Wrocław kiedy wcielam się w turystkę
~*~
Pielęgnując swój własny, żałosny i bezpodstawny kocioł na bani, nie zwróciłam uwagi na czającą się za rogiem katastrofę.
O jej nadejściu wiedziałam od końca października, ale jakoś tak udawało mi się w sobie uśpić panikę i nawet w sądnym dniu zachowałam spokój.
Uczucie porażki przyszło później.
Gdy z głośników nieustannie leci King Krule, co mówi samo za siebie.
Niemal 6 lat walki krwią i potem żeby odłożyć w czasie nieuniknione.
Czasem myślę o W. i tamtym dniu gdy mi powiedział.

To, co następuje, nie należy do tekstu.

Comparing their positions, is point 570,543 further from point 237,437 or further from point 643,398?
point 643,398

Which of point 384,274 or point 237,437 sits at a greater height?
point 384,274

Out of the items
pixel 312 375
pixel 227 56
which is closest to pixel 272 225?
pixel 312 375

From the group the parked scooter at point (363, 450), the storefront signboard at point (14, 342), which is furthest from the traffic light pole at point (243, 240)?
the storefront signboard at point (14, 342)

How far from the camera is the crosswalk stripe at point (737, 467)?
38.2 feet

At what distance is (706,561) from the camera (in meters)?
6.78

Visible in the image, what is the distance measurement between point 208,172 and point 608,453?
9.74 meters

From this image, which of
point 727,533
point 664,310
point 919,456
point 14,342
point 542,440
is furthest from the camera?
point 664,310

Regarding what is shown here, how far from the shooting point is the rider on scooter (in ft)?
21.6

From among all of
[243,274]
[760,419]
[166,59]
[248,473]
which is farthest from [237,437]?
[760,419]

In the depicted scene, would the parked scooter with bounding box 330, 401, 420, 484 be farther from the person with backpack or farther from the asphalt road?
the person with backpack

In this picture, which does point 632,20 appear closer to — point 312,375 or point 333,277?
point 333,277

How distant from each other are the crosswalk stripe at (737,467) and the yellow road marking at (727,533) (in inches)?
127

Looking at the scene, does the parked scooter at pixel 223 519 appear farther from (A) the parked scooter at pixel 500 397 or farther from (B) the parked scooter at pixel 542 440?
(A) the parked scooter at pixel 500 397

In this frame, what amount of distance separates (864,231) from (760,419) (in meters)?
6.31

Potem o tym, jak przekreśliłam grubą kreską lata naszej przyjaźni z tego jednego powodu.
Miał prawo być wściekły i nie rozumieć o co mi chodzi.
Ale po latach, gdybym była nim, pomyślałabym o sobie że to co zrobiłam było godne podziwu XD
Nie znam drugiej takiej osoby, co zrobiłaby to co ja, tylko po to żeby zawczasu ,,ratować" swój związek.

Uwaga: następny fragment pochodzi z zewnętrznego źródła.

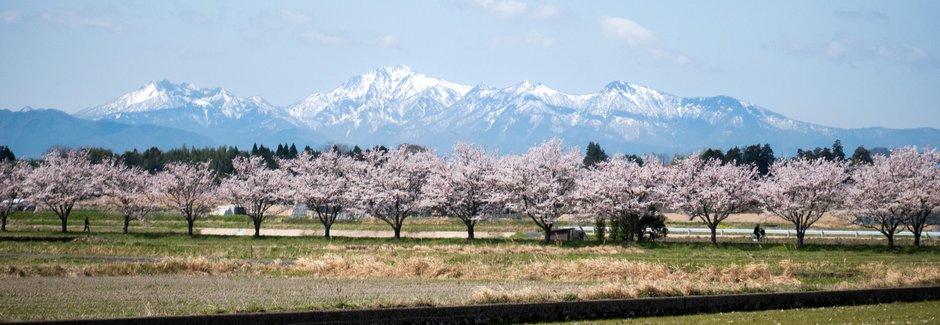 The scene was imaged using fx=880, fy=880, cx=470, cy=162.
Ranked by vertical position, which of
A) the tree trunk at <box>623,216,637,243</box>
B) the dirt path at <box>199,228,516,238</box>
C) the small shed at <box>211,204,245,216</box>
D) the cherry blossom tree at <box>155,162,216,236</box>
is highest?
the cherry blossom tree at <box>155,162,216,236</box>

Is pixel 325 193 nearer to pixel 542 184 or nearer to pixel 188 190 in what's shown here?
pixel 188 190

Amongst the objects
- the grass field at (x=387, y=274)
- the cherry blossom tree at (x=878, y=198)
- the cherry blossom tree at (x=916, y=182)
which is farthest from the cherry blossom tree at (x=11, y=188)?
the cherry blossom tree at (x=916, y=182)

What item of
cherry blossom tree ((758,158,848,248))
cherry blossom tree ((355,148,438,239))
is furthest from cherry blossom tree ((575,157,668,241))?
cherry blossom tree ((355,148,438,239))

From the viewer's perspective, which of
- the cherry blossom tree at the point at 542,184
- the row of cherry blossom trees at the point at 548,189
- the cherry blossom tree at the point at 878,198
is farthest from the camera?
the cherry blossom tree at the point at 542,184

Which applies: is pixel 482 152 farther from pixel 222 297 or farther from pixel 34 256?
pixel 222 297

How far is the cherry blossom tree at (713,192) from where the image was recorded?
215 feet

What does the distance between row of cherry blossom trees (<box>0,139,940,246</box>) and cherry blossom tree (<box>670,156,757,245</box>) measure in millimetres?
112

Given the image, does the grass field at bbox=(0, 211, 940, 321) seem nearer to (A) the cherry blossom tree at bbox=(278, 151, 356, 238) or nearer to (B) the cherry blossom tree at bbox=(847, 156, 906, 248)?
(B) the cherry blossom tree at bbox=(847, 156, 906, 248)

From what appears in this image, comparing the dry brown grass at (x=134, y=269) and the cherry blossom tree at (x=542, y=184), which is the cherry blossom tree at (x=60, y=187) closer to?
the cherry blossom tree at (x=542, y=184)

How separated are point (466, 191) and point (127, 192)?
3098 centimetres

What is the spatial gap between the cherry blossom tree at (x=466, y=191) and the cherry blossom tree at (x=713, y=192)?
14277 millimetres

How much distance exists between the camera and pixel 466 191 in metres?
71.4

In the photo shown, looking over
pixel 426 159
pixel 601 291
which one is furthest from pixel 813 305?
pixel 426 159

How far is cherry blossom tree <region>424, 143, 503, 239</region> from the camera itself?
70500 mm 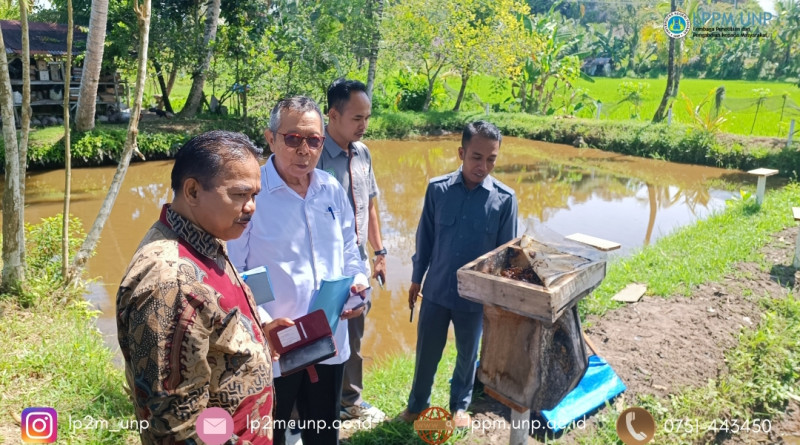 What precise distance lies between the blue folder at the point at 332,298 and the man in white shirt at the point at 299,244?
10cm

Niby nie wierzę w horoskopy, ale jestem zodiakalnym skorpionem, dla jednych fałszywą krową dla innych cóż, nigdy niedocenionym ale perfekcyjnym, oddanym po grób partnerem, który jak widać jest w stanie zrobić wszystko, żeby było jak jest.
A swoją drogą, od niechcenia przeczytany horoskop w gazecie przewidział idealnie moje problemy od 11 maja, gdy to przeczytałam aż mnie zmroziło.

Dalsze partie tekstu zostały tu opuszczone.